I went to see The Hobbit the afternoon of Erev Christmas, expecting it to be crowded as the theatre had warned me to buy tickets well in advance…but it turned out to be 90% empty. Maybe it had something to do with the combinatorial explosion of choice of versions: 2D or 3D? IMAX or regular? High frame rate or regular frame rate? By my count that makes eight possible versions, although I don’t think all combinations were actually available.
At any rate, we chose 3D, high frame rate, non-IMAX. It was a great choice.
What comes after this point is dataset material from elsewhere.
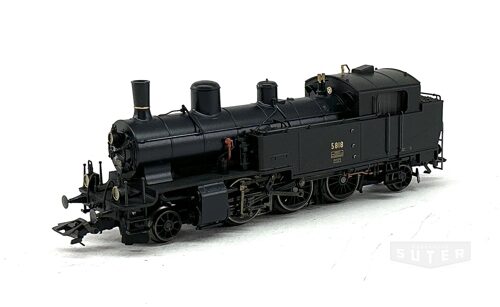 Märklin 37131 *SBB Tenderlok Eb 3/5  Habersack, schwarz digital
There have been a lot of negative opinions about this movie, but I don’t really understand any of them. Yes, it only gets a third of the way through the book — but it’s the first part of a trilogy of movies, after all. Yes, the 48-frames-per-second increases the realism — but I fail to see why that’s bad. Yes, some characters and scenes were introduced from other Tolkien writings, not just from The Hobbit — but that just makes for a richer experience. As my friend Mark Bernstein put it:
Despite all the criticism, this film does exactly what it sets out to do. It’s a re-imagination of The Hobbit as if it had been written by the author of The Lord of The Rings.
You may need to read that second sentence twice.
And maybe that’s the problem. The movie was designed as a prequel to The Lord of The Rings, which Peter Jackson probably assumes that we’ve already seen, even though it takes place many years late. But of course Tolkien didn’t write The Hobbit as a prequel; he wrote it much earlier, and he wrote it for children, whereas the mature Tolkien wrote The Lord of The Rings for adults.
Some miscellaneous comments: A few scenes did go on too long, but they made effective use of modern cinematographic technology. There were plenty of exciting scenes that were quite different from the book, but they worked. Also, I loved the expansion of Radagast from his minuscule role in the book version of The Hobbit, and he was consistent with Tolkien’s other writings. The role of Bilbo was particularly well acted. Scenery and sets were of course spectacular.
The real question that remains is the high frame rate. I am frankly mystified about critics’ objections to it. What do people mean by “too realistic”? I do have one hypothesis (which I suppose I could test by going to see a 2D HFR version): maybe the greater realism of 3D consumed the greater realism of the high frame rate, so we’ve changed two variables at once and can’t separate out the effects of one from the effects of the other. Maybe.